Part One

The radiator in my kitchen rattled the same uneven rhythm it had for three winters. I sat at the laminate counter, sorting through a stack of pharmacy receipts, insulin co-pays, and a second mortgage notice that smelled like damp cardboard. The house smelled like lemon cleaner and stale toast. Outside, a gray Ohio morning pressed against the window. I rubbed my temples and tried to focus on the numbers. The columns didn't add up. They never did anymore.

My phone buzzed on the counter. A text from my brother, Daniel. Mom's birthday dinner is at seven. Wear the navy dress. Try not to talk about the bills tonight. Please.

I stared at the screen. My left hand had a slight tremor. It had been coming and going for months, right along with the fatigue that made climbing the front porch steps feel like hiking a mountain. I typed out a quick reply that I knew he would barely read. I'll be there. I packed my insulin bag anyway. I always did.

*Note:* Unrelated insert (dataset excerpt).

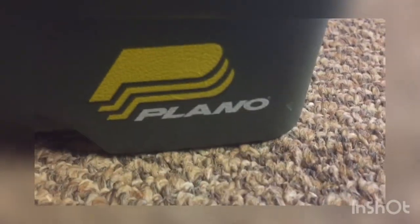The tackle box brand is Plano — Planu, whatever it's called. And here is my best lure besides my minnow.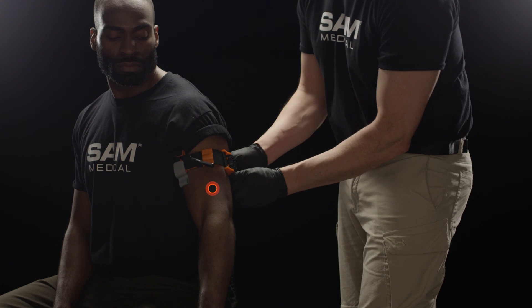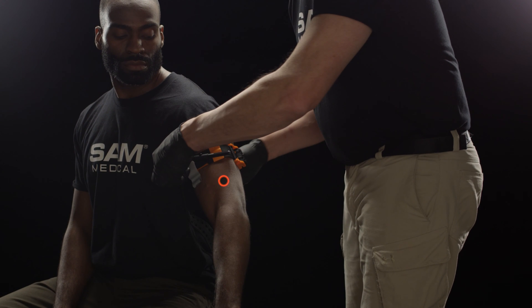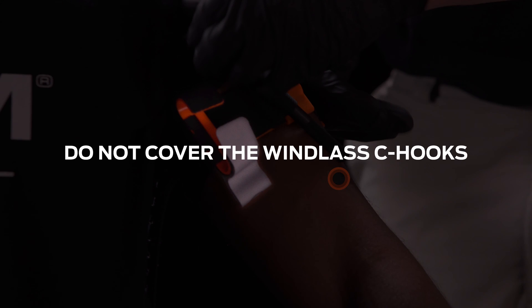Maintaining tension, press the strap back upon itself to attach it in place. Do not cover the windlass C-hook.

At my parents' house in the suburbs, everything looked polished. The oak floors gleamed. My father was by the fireplace, reading a newspaper he hadn't actually turned a page of in twenty minutes. My mother arranged a cheese platter with precise, practiced movements. Daniel poured himself a bourbon before the appetizers were even on the table. He smiled at me like he was checking off a box.

You look tired, he said. You need to sleep more.

I nodded. It's just the medication. The new dosage is making me a little shaky.

My mother set down a slice of brie without meeting my eyes. You always were so sensitive to your health. It's probably just stress. You need to stop reading so many articles online.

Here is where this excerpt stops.